- [Exercise material]:
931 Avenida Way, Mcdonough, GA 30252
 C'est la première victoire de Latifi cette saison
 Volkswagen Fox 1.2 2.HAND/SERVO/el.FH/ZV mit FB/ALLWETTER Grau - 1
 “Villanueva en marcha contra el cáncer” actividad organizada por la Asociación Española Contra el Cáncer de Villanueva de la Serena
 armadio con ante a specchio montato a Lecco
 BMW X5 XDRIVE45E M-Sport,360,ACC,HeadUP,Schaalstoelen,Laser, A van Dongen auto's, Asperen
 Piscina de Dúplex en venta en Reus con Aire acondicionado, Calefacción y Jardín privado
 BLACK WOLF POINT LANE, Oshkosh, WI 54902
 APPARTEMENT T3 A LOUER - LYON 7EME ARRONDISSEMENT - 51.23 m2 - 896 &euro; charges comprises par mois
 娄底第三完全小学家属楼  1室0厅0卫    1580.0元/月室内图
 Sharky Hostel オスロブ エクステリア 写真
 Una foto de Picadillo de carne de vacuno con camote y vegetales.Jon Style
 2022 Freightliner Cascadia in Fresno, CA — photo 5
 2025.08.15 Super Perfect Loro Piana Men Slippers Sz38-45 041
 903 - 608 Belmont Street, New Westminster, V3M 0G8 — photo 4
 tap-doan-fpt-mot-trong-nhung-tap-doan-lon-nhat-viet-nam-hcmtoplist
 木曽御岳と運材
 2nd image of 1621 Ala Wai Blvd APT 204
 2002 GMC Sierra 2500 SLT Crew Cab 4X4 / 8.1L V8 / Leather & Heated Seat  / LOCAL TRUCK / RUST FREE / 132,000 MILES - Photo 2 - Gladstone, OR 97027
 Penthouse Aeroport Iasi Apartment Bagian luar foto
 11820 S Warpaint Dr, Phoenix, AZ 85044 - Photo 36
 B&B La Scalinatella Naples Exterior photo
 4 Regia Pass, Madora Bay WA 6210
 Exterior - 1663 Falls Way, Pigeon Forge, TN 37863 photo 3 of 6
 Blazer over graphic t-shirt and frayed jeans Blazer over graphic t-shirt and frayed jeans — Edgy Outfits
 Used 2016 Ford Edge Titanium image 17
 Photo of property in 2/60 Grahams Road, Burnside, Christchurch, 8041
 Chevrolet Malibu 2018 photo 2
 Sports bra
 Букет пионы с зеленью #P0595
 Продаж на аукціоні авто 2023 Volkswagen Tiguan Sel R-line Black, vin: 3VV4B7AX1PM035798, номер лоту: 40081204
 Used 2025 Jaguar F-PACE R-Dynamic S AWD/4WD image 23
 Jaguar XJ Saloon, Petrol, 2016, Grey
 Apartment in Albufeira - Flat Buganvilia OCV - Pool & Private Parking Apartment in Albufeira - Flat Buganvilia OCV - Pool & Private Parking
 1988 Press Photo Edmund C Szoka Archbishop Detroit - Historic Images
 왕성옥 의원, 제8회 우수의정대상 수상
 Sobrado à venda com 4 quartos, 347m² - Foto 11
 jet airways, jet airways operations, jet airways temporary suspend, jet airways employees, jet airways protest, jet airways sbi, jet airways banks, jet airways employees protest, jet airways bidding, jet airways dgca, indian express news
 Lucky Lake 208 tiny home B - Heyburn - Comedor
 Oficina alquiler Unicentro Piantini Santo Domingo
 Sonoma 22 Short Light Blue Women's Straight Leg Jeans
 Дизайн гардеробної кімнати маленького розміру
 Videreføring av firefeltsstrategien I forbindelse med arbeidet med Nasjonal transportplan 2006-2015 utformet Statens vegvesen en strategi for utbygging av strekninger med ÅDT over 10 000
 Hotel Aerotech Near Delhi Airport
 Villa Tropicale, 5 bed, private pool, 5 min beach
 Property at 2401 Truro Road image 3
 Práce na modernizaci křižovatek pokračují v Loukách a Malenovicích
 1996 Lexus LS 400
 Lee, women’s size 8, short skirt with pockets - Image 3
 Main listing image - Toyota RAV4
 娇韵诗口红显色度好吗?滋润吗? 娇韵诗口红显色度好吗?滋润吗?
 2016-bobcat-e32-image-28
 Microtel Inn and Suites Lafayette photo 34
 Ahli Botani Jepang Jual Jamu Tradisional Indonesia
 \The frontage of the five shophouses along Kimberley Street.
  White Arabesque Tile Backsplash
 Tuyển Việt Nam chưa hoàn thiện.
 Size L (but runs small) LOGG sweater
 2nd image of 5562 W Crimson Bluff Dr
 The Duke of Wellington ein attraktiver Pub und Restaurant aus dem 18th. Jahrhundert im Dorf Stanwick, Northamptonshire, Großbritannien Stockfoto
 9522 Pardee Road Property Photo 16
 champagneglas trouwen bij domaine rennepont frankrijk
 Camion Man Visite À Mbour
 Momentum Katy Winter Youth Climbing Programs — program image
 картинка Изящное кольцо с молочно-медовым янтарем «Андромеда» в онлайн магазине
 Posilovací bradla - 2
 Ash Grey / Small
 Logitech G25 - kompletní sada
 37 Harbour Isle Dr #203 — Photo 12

- [Work request]: Scan the data above and report each line in which "Street" is present.

- [Written response]:
 903 - 608 Belmont Street, New Westminster, V3M 0G8 — photo 4
 \The frontage of the five shophouses along Kimberley Street.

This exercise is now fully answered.